Why This Works: Three Key Ingredients

1. MCTS is Efficient Exploration

Instead of generating N random solutions (Best-of-N), MCTS intelligently explores the solution space:

Uses PRM scores to focus on promising branches
Prunes obviously bad paths
Converges to good solutions with fewer total rollouts

For the same compute budget, MCTS finds higher-quality solutions than random sampling.

2. Python Verification is Automatic and Scalable

No human annotators needed. No subjective judgment. Just: does the code produce the right output?

This enables:

Unlimited scale (generate as many solutions as you want)
High fidelity (automatic execution is perfect, unlike humans who make mistakes)
No labelling cost (no human time, no wage expenses)

3. Self-Evolution Closes the Loop

The model learns from its own search:

Good solutions feed back as training data
The model improves, generating better solutions
A virtuous cycle forms

Each round is a small improvement, but across 4 rounds, they compound.

Program-of-Thought (PoT) vs. Chain-of-Thought (CoT)

Chain-of-Thought (CoT): Natural language reasoning

Let me count the multiples of 3 below 100.
They are 3, 6, 9, ..., 99.
This is an arithmetic sequence with first term 3 and common difference 3.
The number of terms is 99/3 = 33.

Program-of-Thought (PoT): Python code

# Count multiples of 3 below 100
count = len([x for x in range(1, 100) if x % 3 == 0])
answer = count

Why PoT is better for this task:

Verification: You can execute PoT and check the result. CoT requires manual reading and judgment.
Precision: Code is unambiguous. English reasoning can be hard to follow.
Scalability: Execution is automatic. Manual checking doesn’t scale.
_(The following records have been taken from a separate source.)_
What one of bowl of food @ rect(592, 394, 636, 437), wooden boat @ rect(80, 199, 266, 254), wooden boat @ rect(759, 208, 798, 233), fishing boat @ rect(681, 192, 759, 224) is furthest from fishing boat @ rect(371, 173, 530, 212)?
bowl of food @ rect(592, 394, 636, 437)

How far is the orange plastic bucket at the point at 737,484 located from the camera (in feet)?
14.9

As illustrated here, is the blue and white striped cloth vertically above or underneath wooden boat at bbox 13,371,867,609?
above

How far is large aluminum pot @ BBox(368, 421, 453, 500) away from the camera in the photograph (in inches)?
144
rStar-Math primarily uses PoT, though intermediate reasoning traces are still valuable (the PRM scores steps, not just final answers).
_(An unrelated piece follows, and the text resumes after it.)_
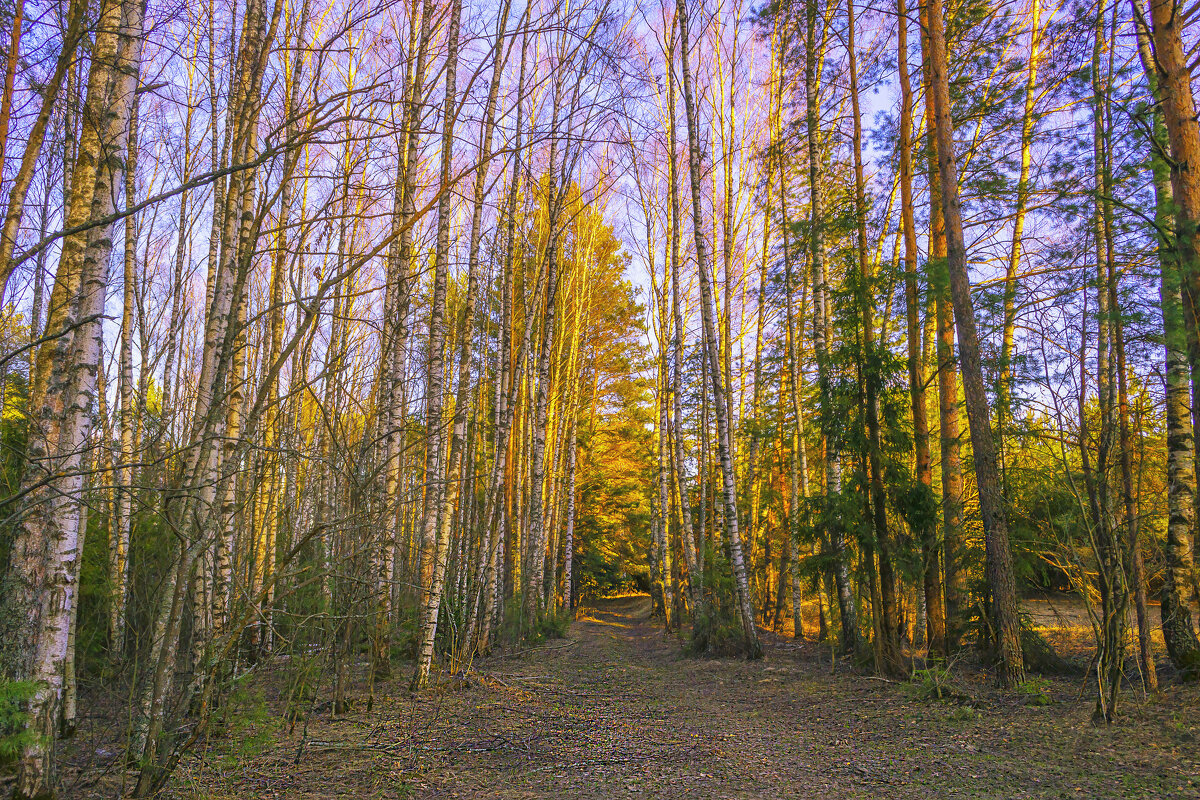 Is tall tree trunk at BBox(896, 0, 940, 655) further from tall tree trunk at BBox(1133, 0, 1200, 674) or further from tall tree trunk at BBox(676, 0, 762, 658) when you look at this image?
tall tree trunk at BBox(676, 0, 762, 658)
The Virtuous Cycle (Simplified)

Weak Model (42%) 
    ↓
MCTS + PRM₁ find good solutions
    ↓
Train on solutions → Better Model (68%)
    ↓
Better Model + PRM₂ find better solutions
    ↓
Train on solutions → Even Better Model (78%)
    ↓
Better Model + PRM₃ find even better solutions
    ↓
Train on solutions → Best Model (90%)

Each iteration, both the model and the verifier improve, unlocking better search for the next iteration.

Comparison to Other Approaches

Approach	Cost	Accessibility	Scalability
Train GPT-4 from scratch	$100M+	OpenAI only	Very limited (few labs)
Use Best-of-N (Paper 23)	Moderate (many attempts)	Any lab	Hits ceiling as base accuracy is low
Self-evolution (rStar-Math)	Reasonable (~$1M)	Any research lab	Scales via bootstrapping

rStar-Math finds a sweet spot: moderate cost, accessible implementation, strong results through bootstrapping.

Key Assumptions

For this approach to work:

Problem domain must be automatically verifiable (math via Python works; open-ended writing doesn’t)
Solutions must be decomposable into steps (so PRM can score intermediate reasoning)
Base model must be capable enough (7B is near the limit; 1B would struggle more)
PRM initialization must be reasonable (you need some initial signal to start bootstrapping)

All four hold for math reasoning. Not all domains are so fortunate.